2018-11-17 Thread 徐涛
Hi Gordon,
Later I found the implementation of the Elastic Search Sink provided by 
Flink, and I found it also use the mechanism to flush the data when checkpoints 
happens. I apply the method, now the problem is solved. It uses exactly the 
method you have provided. Thanks a lot for your help.

Best
Henry

> 在 2018年11月14日,下午5:08,Tzu-Li (Gordon) Tai  写道:
> 
> Hi Henry,
> 
> Flushing of buffered data in sinks should occur on two occasions - 1) when 
> some buffer size limit is reached or a fixed-flush interval is fired, and 2) 
> on checkpoints.
> 
> Flushing any pending data before completing a checkpoint ensures the sink has 
> at-least-once guarantees, so that should answer your question about data loss.
> For data delay due to the buffering, my only suggestion would be to have a 
> time-interval based flushing configuration.
> That is what is currently happening, for example, in the Kafka / Kinesis 
> producer sinks. Records are buffered, and flushed at fixed intervals or when 
> the buffer is full.
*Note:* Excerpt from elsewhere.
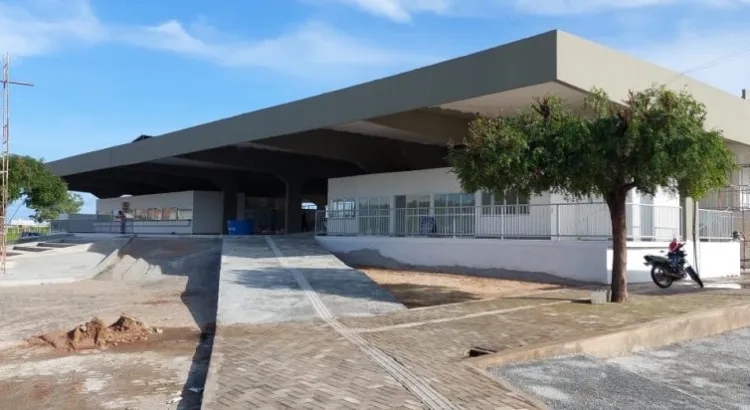 Rodoviária de Sousa (Foto: Reprodução/Diário do Sertão)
They are also flushed on every checkpoint.
> 
> Cheers,
> Gordon
> 
> On 13 November 2018 at 5:07:32 PM, 徐涛 (happydexu...@gmail.com 
> ) wrote:
> 
>> Hi Experts,
>> When we implement a sink, usually we implement a batch, according to the 
>> record number or when reaching a time interval, however this may lead to 
>> data of last batch do not write to sink. Because it is triggered by the 
>> incoming record.
>> I also test the JDBCOutputFormat provided by flink, and found that it also 
>> has the same problem. If the batch size is 50, and 49 items arrive, but the 
>> last one comes in an hour later, then the 49 items will not be written to 
>> sink during the one hour. This may cause data delay or data loss.
>> So should any pose a solution to this problem?
>> Thanks a lot.
>> 
>> Best
>> Henry 



Re: Last batch of stream data could not be sinked when data comes very slow

2018-11-14 Thread Tzu-Li (Gordon) Tai
Hi Henry,

Flushing of buffered data in sinks should occur on two occasions - 1) when some 
buffer size limit is reached or a fixed-flush interval is fired, and 2) on 
checkpoints.

Flushing any pending data before completing a checkpoint ensures the sink has 
at-least-once guarantees, so that should answer your question about data loss.
For data delay due to the buffering, my only suggestion would be to have a 
time-interval based flushing configuration.
That is what is currently happening, for example, in the Kafka / Kinesis 
producer sinks. Records are buffered, and flushed at fixed intervals or when 
the buffer is full. They are also flushed on every checkpoint.

Cheers,
Gordon

On 13 November 2018 at 5:07:32 PM, 徐涛 (happydexu...@gmail.com) wrote:

Hi Experts,
When we implement a sink, usually we implement a batch, according to the record 
number or when reaching a time interval, however this may lead to data of last 
batch do not write to sink. Because it is triggered by the incoming record.
I also test the JDBCOutputFormat provided by flink, and found that it also has 
the same problem. If the batch size is 50, and 49 items arrive, but the last 
one comes in an hour later, then the 49 items will not be written to sink 
during the one hour. This may cause data delay or data loss.
So should any pose a solution to this problem?
Thanks a lot.

Best
Henry 

Last batch of stream data could not be sinked when data comes very slow

2018-11-13 Thread 徐涛
Hi Experts,
When we implement a sink, usually we implement a batch, according to 
the record number or when reaching a time interval, however this may lead to 
data of last batch do not write to sink. Because it is triggered by the 
incoming record.
I also test the JDBCOutputFormat provided by flink, and found that it 
also has the same problem. If the batch size is 50, and 49 items arrive, but 
the last one comes in an hour later, then the 49 items will not be written to 
sink during the one hour. This may cause data delay or data loss.
So should any pose a solution to this problem?
Thanks a lot.

Best
Henry